Hello,
Building a product that will scale out Azure PostgreSQL Flexible Server instances and for which backup availability is a stringent requirement, that I need reporting automation & alerting for.
On my Flexible Server instance at present, all I'm able to see in the "Backup and Restore" page are options for backup retention (1-35days), Backup Redundancy, and Earliest Restore Point - along with a table (name, timestamps, type & actions), detailing however many automated backups I have to restore from.

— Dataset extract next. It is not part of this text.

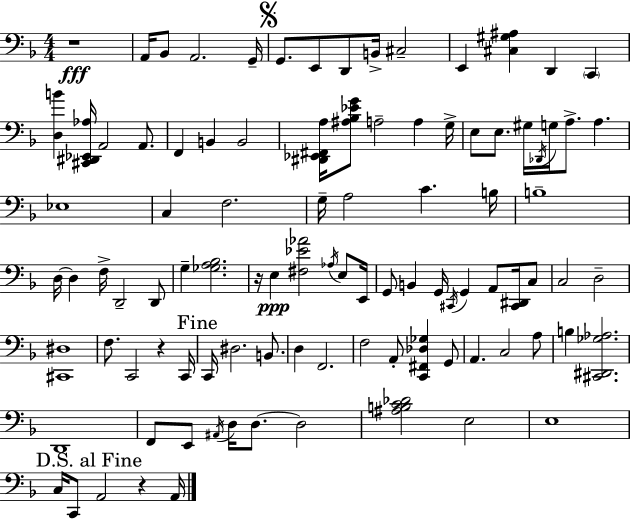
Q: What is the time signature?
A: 4/4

My searching seems to suggest that Azure publishes no details about these failures, and as such I have no visibility of any issues with this backup service - as it's an Azure "managed service", which you guarantee to work. However, what I really require is visibility & alerting for whenever a backup fails or is not available to me because I have strict reporting & compliance requirements to adhere to ie. if/when a backup is not available. This of course won't be my only backup, but like the other backup options ideally I need to validate and report on them, and for this service I'm surprised this detail seems to be unavailable?

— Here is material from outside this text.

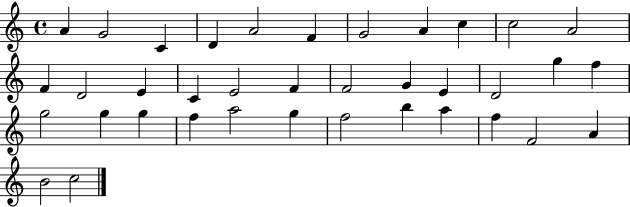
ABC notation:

The FAQ for Flexible Server under "Why do I not see a full backup listed for a given day?" says: "Azure Database for PostgreSQL flexible server takes full backups once daily. If a backup fails, our backup service tries every 20 mins to take a backup until a successful backup is taken. You may fail to see your daily backup for a given day if the transactional load on your server instance is high throughout the day."
So although this is a managed service, clearly the backups can fail. My question is, surely there must be detail published, that can be used for automation? Azure CLI is able to grab the backup table details visible in the portal, but it seems nothing deeper than that. With only that detail, I'd need to come up with some pretty hacky to continuously poll that detail and check for backups not occurring. The oldest backup is also cycled out at a time that cannot be controlled, so very quickly you can see this is not an ideal approach. Similarly, there is a metric for 'Backup Storage Used', but much in the same way, this would be unreliable to base any alerts or reporting on for backup availability.
My question being, am I missing something? Surely there is some published detail of a FlexibleServer backup job's status, that could be used to alert when it's unable to complete, fails or completes with issues etc?
This is typical detail for other things managed by Azure Backup. Does it not exist for FlexibleServer? While it may be a backup managed at the Azure layer, it's an extra cost and knowledge of backup success or non-success is paramount to it's purpose. Certainly when one has compliance to deal with.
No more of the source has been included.